Il riso di Cambogia e Myanmar
Qualche settimana fa l’Italia, sostenuta da Bulgaria, Grecia, Portogallo, Romania e Spagna, con una nota indirizzata al Consiglio Ue Agricoltura e Pesca, ha chiesto all’Unione europea di introdurre una clausola di salvaguardia automatica contro l'import a dazio zero del riso da Cambogia e Myanmar. I sei paesi hanno denunciato l'eccesso di import di riso dall'Asia (circa 450mila tonnellate nell’ultimo anno), assorbito finora dal mercato Ue «solo a causa della carenza di produzione» europea «dovuta alla siccità», soprattutto in Spagna e Italia, definendo questa situazione come «insostenibile nel prossimo futuro».
Va ricordato che Cambogia e Myanmar usufruiscono del cosiddetto sistema Ue di preferenze tariffarie generalizzate (SPG, regolamento Ue n. 978/2012), che offre agli stati in via di sviluppo un accesso agevolato al mercato europeo con riduzione di dazi o esonero totale. Tale esonero per il riso originario dei due paesi aveva determinato volumi e prezzi delle relative importazioni in misura tale da provocare gravi difficoltà all’industria risiera in Ue. Pertanto nel 2019 la Commissione europea aveva adottato un regolamento che, come misura di salvaguardia, ripristinava i dazi sulle importazioni di tale riso per un periodo di tre anni. Allo scadere del periodo, le importazioni di riso dalla Cambogia e dal Myanmar hanno di nuovo registrato un’impennata. Al contempo, nel 2022, la Corte di giustizia europea, accogliendo il ricorso della Cambodia Rice Federation, ha annullato il regolamento del 2019 della Commissione.

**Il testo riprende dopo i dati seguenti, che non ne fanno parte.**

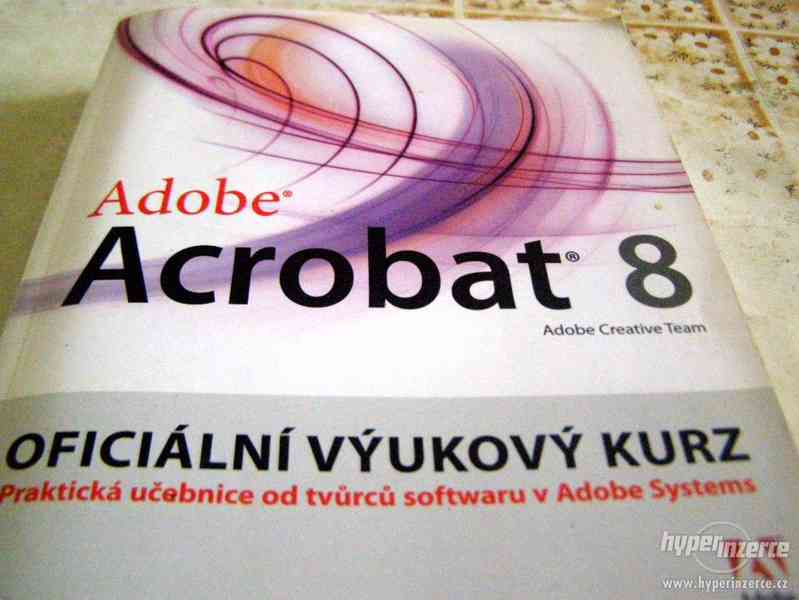 Oficiální výukový kurz Adobe Acrobat 8 - foto 1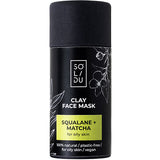 Solidu Lermaske Til Ansigtet | 55 gr fra Solidu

Questa situazione ha indotto l’Unione europea a considerare un intervento sul Sistema di preferenze generalizzato. La Commissione Ue ha proposto un meccanismo di sorveglianza della tariffa doganale per taluni prodotti, tra cui riso e zucchero. Invece, il parlamento europeo ha adottato una posizione che per il riso, tra gli altri alimenti, prevede una clausola di salvaguardia che scatta automaticamente. Nel Consiglio, invece, è emersa una divisione tra i Paesi del sud, sostenitori della linea più rigorosa del Parlamento, e quelli del nord, interessati alle importazioni di riso dai due Paesi e quindi più soft circa le relative misure. Il Consiglio ha supportato quest’ultima posizione.
India, Pakistan e il riso basmati
Un altro capitolo aperto in Europa sul riso riguarda quello di tipo “basmati”, prodotto in India e Pakistan, per il quale entrambi i Paesi hanno chiesto all’Ue la concessione della Indicazione geografica protetta (Igp). In particolare, nel 2018 l’India ha depositato presso la Commissione europea la richiesta di Igp per il proprio basmati, così che nell’Unione fosse l’unico che si potesse qualificare come tale. La richiesta è stata pubblicata sulla Gazzetta Ufficiale Ue nel settembre 2022. Nel dicembre dello stesso anno il Pakistan, ha presentato ricorso alla Commissione contro la richiesta dell’India, possibilità prevista dalla procedura per l’attribuzione dell’Igp, e all’inizio del 2023 ha depositato una domanda di riconoscimento dell’Igp sul basmati prodotto sul proprio territorio.
Il 24 settembre scorso il ministro per l’Agricoltura, Francesco Lollobrigida, ha reso noto con un comunicato che la Commissione europea aveva accolto la richiesta di opposizione da parte dell’Italia contro l’istanza del Pakistan per registrare in Europa il proprio riso Basmati come Igp. Ciò non significa che tale istanza sia stata respinta dall’Ue, ma che ora, ai sensi del regolamento europeo relativo alla protezione delle indicazioni geografiche (n. 2411 del 2023), si apre una fase interlocutoria per arrivare alla conclusione della procedura.
Non resta che attendere ulteriori sviluppi.